── RECORDS SHOWN ──

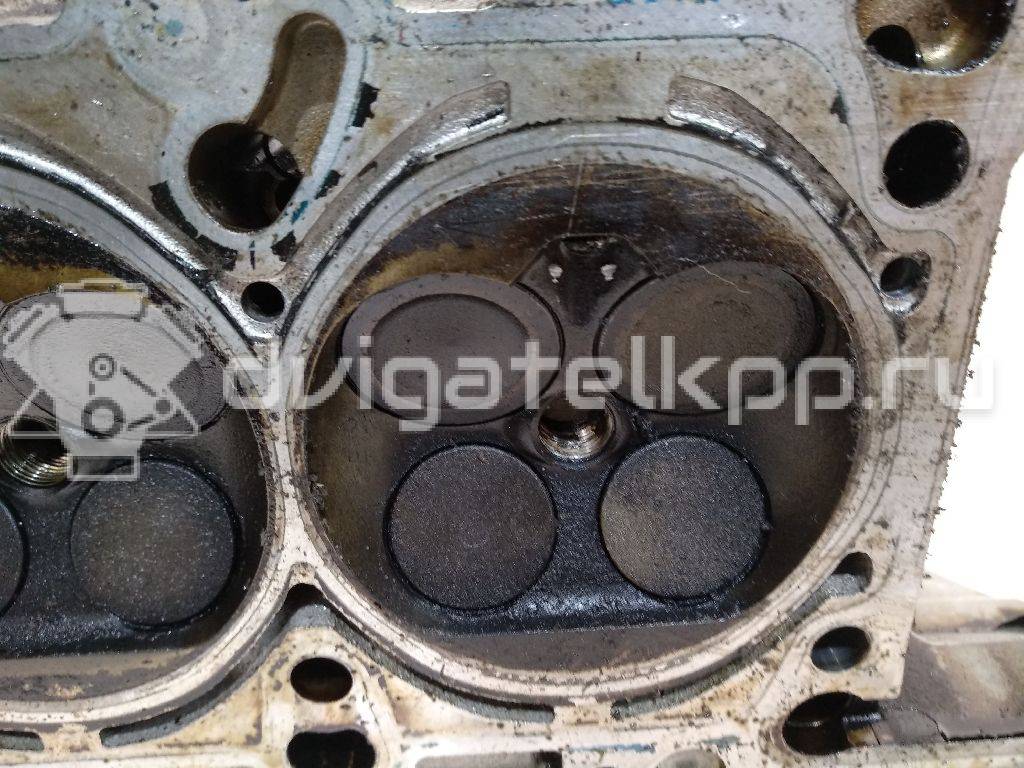 Фото Головка блока  06e103068aa для Audi A4 / A6 / A3 / A5 / Tt {forloop.counter}}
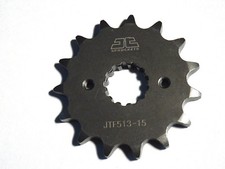 Für Suzuki GSX-R 1000 - Ritzel 15Z Tuning -2 Zähne Rennsportartikel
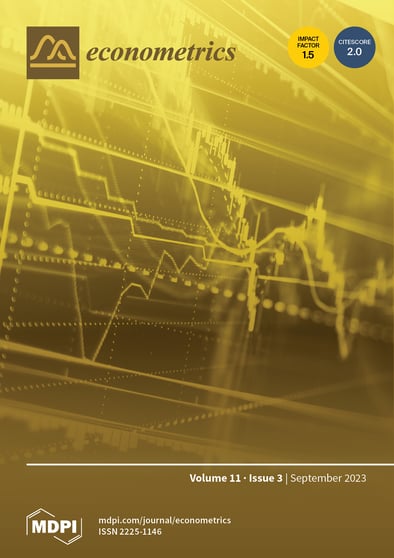 Journal Issue Cover Image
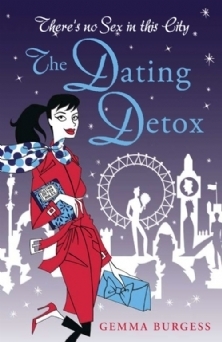 The Dating Detox by Gemma Burgess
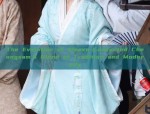Winter Children’s Tang Costumes for Girls:A Traditional Look for Little Girls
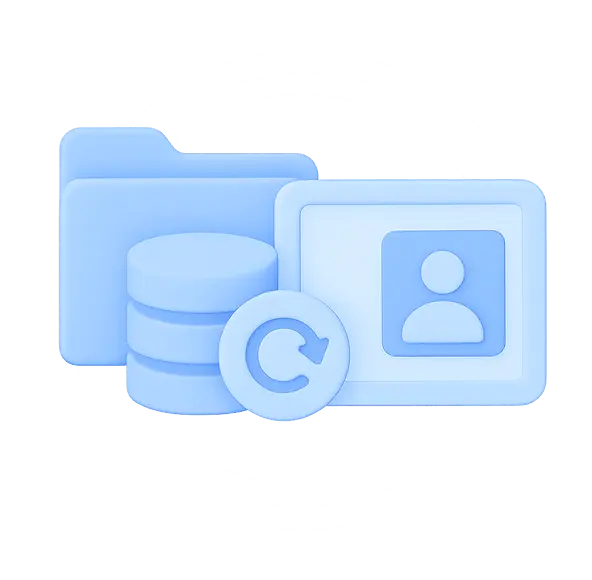 Universal Object Recovery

───

HOW TO COMPLETE THIS TASK | Return the data word for word without its pictures.

ANSWER SECTION |
 Фото Головка блока  06e103068aa для Audi A4 / A6 / A3 / A5 / Tt {forloop.counter}}
 Für Suzuki GSX-R 1000 - Ritzel 15Z Tuning -2 Zähne Rennsportartikel
 Journal Issue Cover Image
 The Dating Detox by Gemma Burgess
Winter Children’s Tang Costumes for Girls:A Traditional Look for Little Girls
 Universal Object Recovery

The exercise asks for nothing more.